▶ TASK TO COMPLETE
Your answer must restate each entry below word for word, with no pictures in it.

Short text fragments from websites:
=== Section Start ===
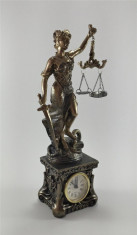statuia justitiei cu ceas 28cm foto
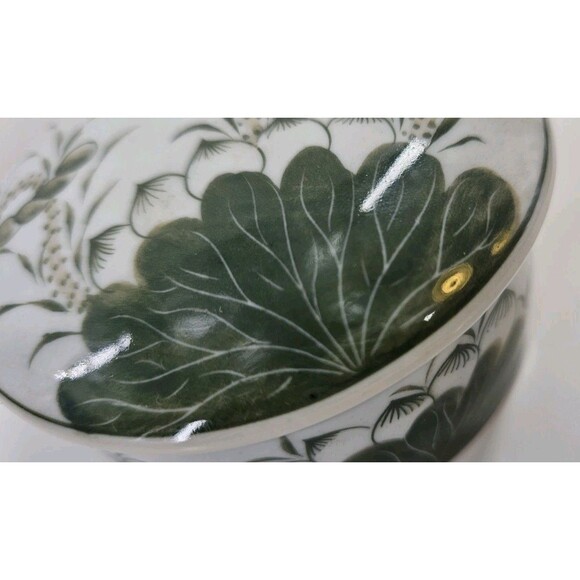 Vintage Celadon Trinket Box W Lotus Made in Thailand ~3.5" Handpainted Ceramic - Picture 10 of 12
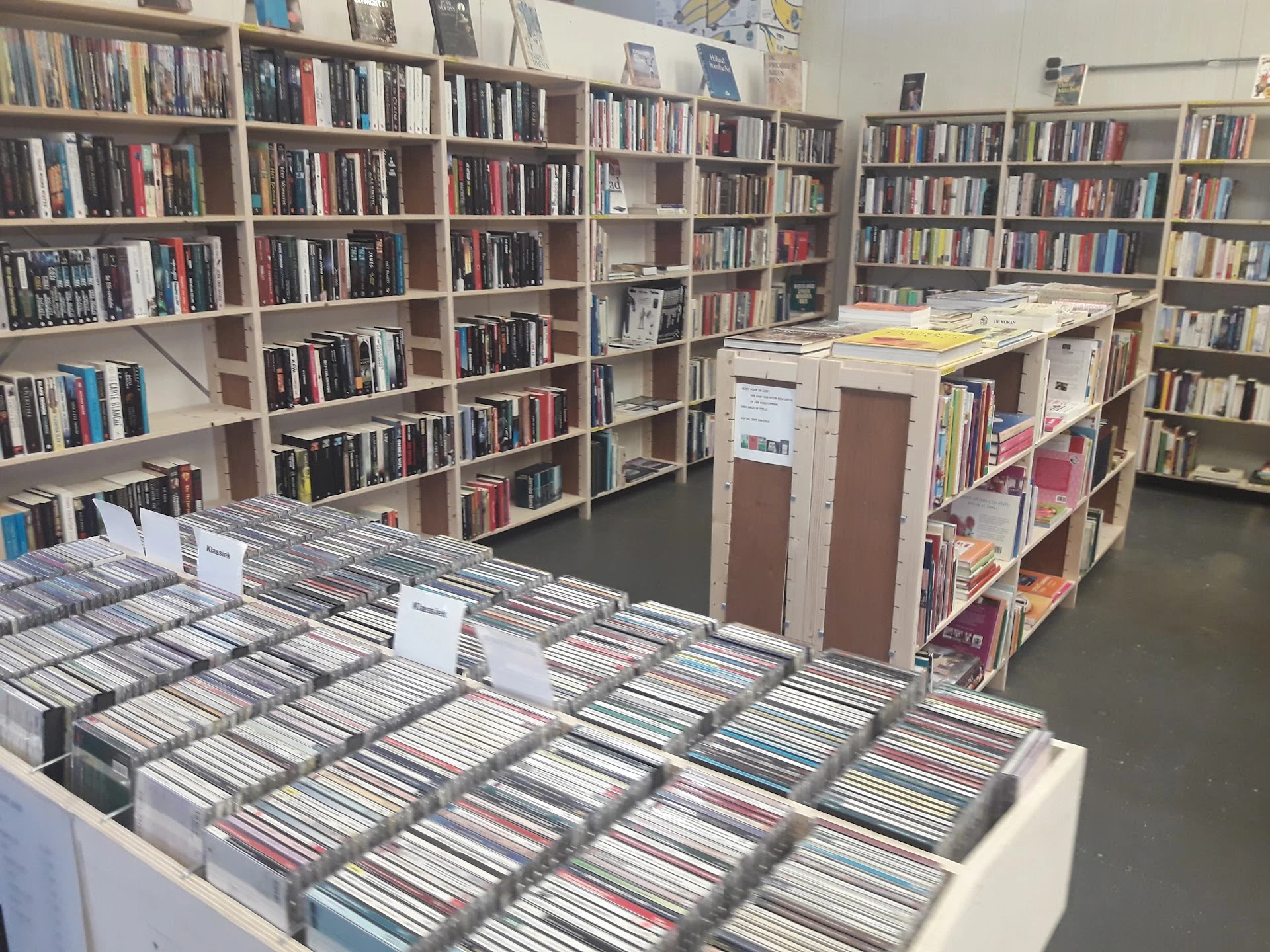 Kringloopwinkel Woudenberg in Woudenberg met tweedehands boeken, elektrische fietsen en meubels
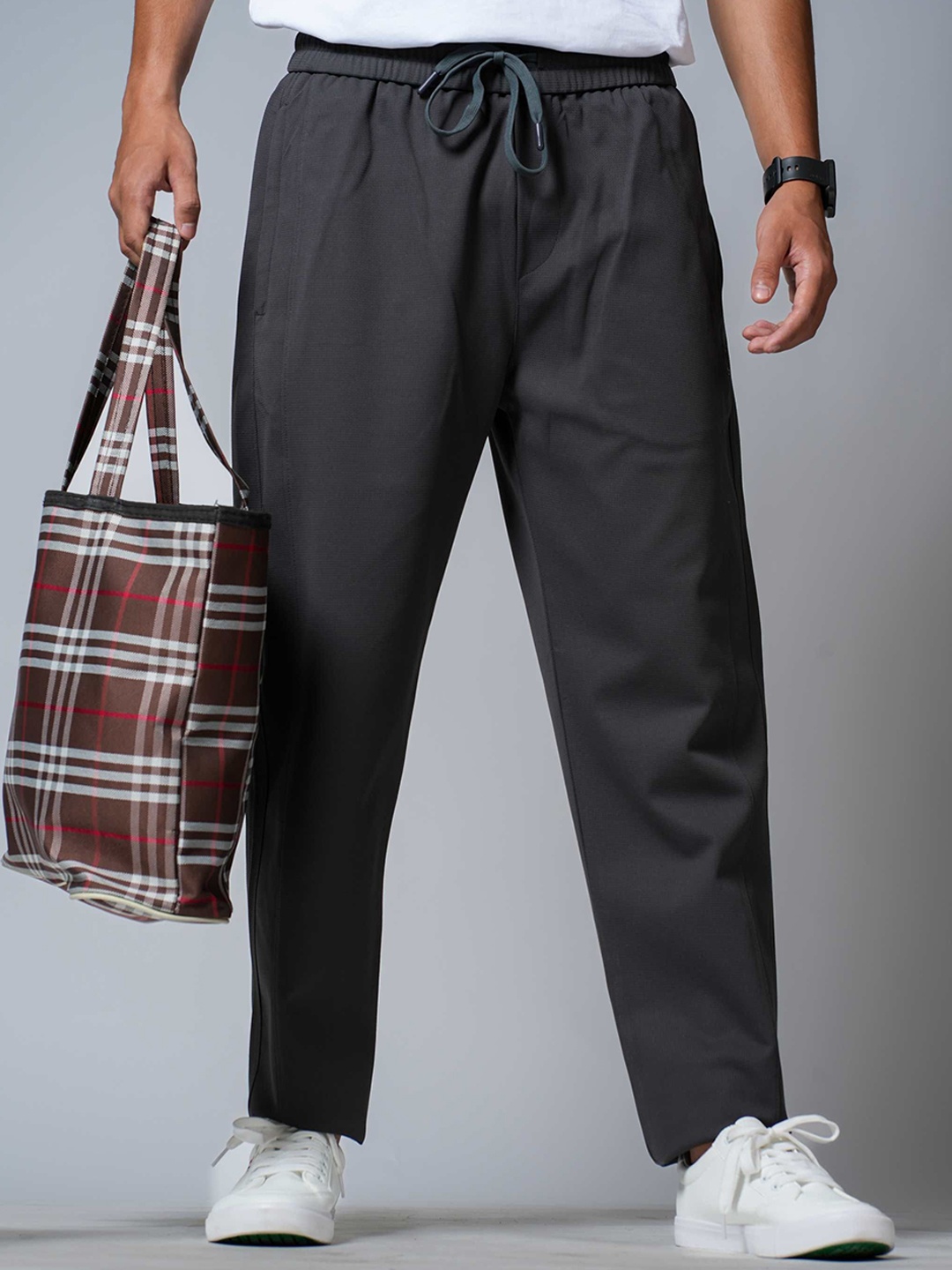 

Fort Collins Men Relaxed Fit Joggers, Grey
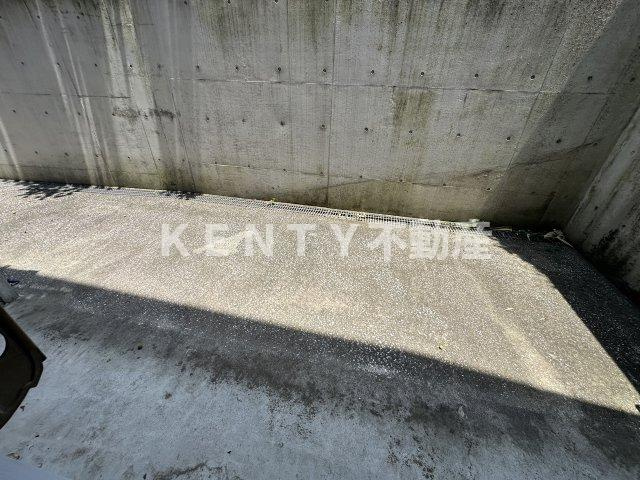 【バルコニー】 | ネオコート久が原 | 外からの目が気にならないバルコニーで洗濯物が干せます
=== Section End ===
▶ RESPONSE AREA
statuia justitiei cu ceas 28cm foto
 Vintage Celadon Trinket Box W Lotus Made in Thailand ~3.5" Handpainted Ceramic - Picture 10 of 12
 Kringloopwinkel Woudenberg in Woudenberg met tweedehands boeken, elektrische fietsen en meubels

Fort Collins Men Relaxed Fit Joggers, Grey
 【バルコニー】 | ネオコート久が原 | 外からの目が気にならないバルコニーで洗濯物が干せます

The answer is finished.